Il suggerimento conclusivo è squisitamente morale, mentre l'inno costituisce una altissima professione teologica. Anche noi diventeremo grandi, nel seguire Gesù, se avremo cercato di sviluppare lo stesso suo stile e i suoi sentimenti nella vita terrena.

VANGELO
Lettura del Vangelo secondo Luca 2, 18-21 
In quel tempo. Tutti quelli che udivano si stupirono delle cose dette loro dai pastori. Maria, da parte sua, custodiva tutte queste cose, meditandole nel suo cuore. I pastori se ne tornarono, glorificando e lodando Dio per tutto quello che avevano udito e visto, com’era stato detto loro. Quando furono compiuti gli otto giorni prescritti per la circoncisione, gli fu messo nome Gesù, come era stato chiamato dall’angelo prima che fosse concepito nel grembo.

Alcune parole di questo breve testo del vangelo di capodanno  sono molto significative nella semplicità della loro enunciazione: “udire”, “stupirsi”, “custodire”,  “meditare”, “tornare”, “lodare”, “dare un nome”.

Infatti esprimono degli atteggiamenti profondi che il Natale ci ripropone come doni del Signore: doni di sempre, ma mai esauriti nella loro profondità.
Sono gli atteggiamenti dei pastori e di Maria, sua madre, che vengono comunicati a noi.
La prima cosa è ascoltare l’annuncio che viene dato come una grande gioia, come una novità inattesa e sorprendente: è nato tra noi, della nostra stessa carne un “salvatore”, un Inviato d Dio, anzi il Figlio stesso di Dio, che in mezzo a noi e con noi (“l’Emanuele”),  partecipando completamente della nostra umanità e alla nostra storia, è venuto per salvarci, cioè per strapparci e liberare tutti  -uomini e donne- dal male e dai mali, per ridarci la dignità di creature e di figli.

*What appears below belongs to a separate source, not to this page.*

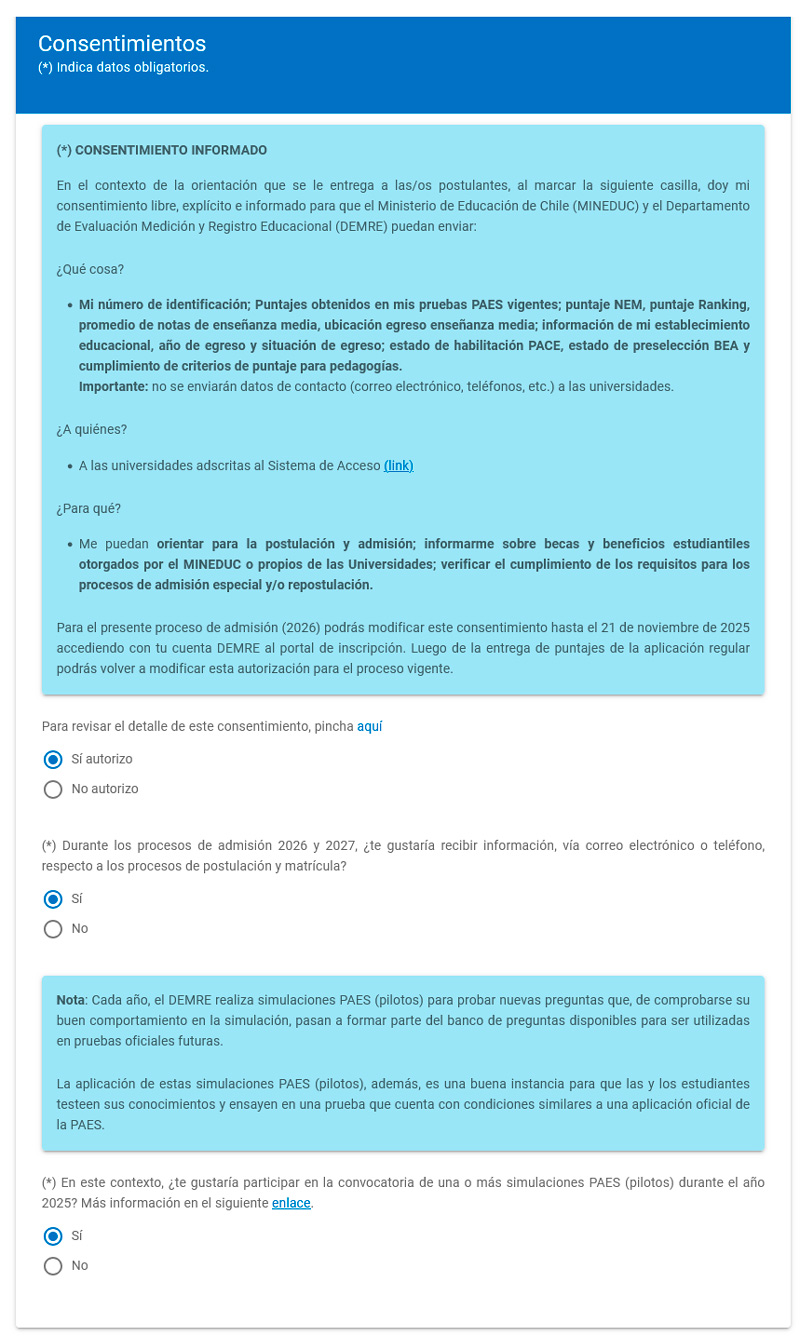 Paso 4: Consentimiento Paso 5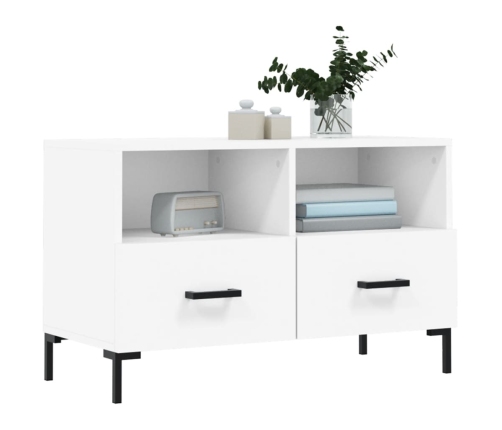 vidaXL Mueble para TV madera contrachapada blanco 80x36x50 cm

Non è un’utopia o un’illusione, anche se oggi il nostro mondo così contrassegnato dalla brutalità del male e della violenza  assassina e distruttrice, che avvelena i rapporti tra gli uomini e rende sempre più vulnerabili  e in balia dei potenti  persone e popoli, sembra smentire ogni speranza di un presente e di un futuro di bene.

Ma i credenti sono proprio chiamati a credere, ad avere fiducia che i misteri che si stanno rievocando nelle celebrazioni di questi giorni non sono tradizioni o riti, anche belli e suggestivi, fine a se stessi, ma l’espressione di una novità a cui siamo stati chiamati perché possiamo stupirci, sorprenderci per questa vicinanza dell’amore di Dio che ci sollecita  a ‘tornare’ nella nostra vita di ogni giorno con una fiducia e una speranza nuova con la serenità e il sorriso che  Dio non ci abbandona, ma si abbandona a noi come un bambino di cui prenderci cura.  Come i tanti bambini del giorno d’oggi che stentano la vita e hanno bisogno dell’attenzione e della cura di tutti noi per sopravvivere e ridarci speranza.

E poi “custodire” e “meditare”: è essenziale ripensare a quanto ci viene proposto a Natale, assimilarlo, tornare a riflettere perchè il Signore Gesù, nato una volta per tutte in Palestina più di duemila anni fa, nasca in noi, nel nostro cuore, con tutto il messaggio e la carica di amore che è venuto a portare e ad annunciare.
Nato a Betlemme, che significa “casa del pane”, perché la sua parola, Egli stesso si faccia pane per noi, per la nostra crescita e per la nostra responsabilità di credenti.

Ancora: pensare al nome che viene dato a Gesù, che vuol dire “Dio salva”,  richiede che noi ci soffermiamo sul senso della salvezza.  Crediamo veramente alla salvezza portata da Dio? Cioè all’opera di liberazione a cui ci chiama, uno per uno, noi che ci diciamo credenti, che non è solamente liberazione e perdono dei peccati, ma soprattutto restituzione della dignità ad ogni persona degradata che incontriamo e liberazione dai bisogni e dalle necessità primarie.  Non diciamo che spetta ad altri: ciascuno, anche nel suo piccolo può operare in questo senso.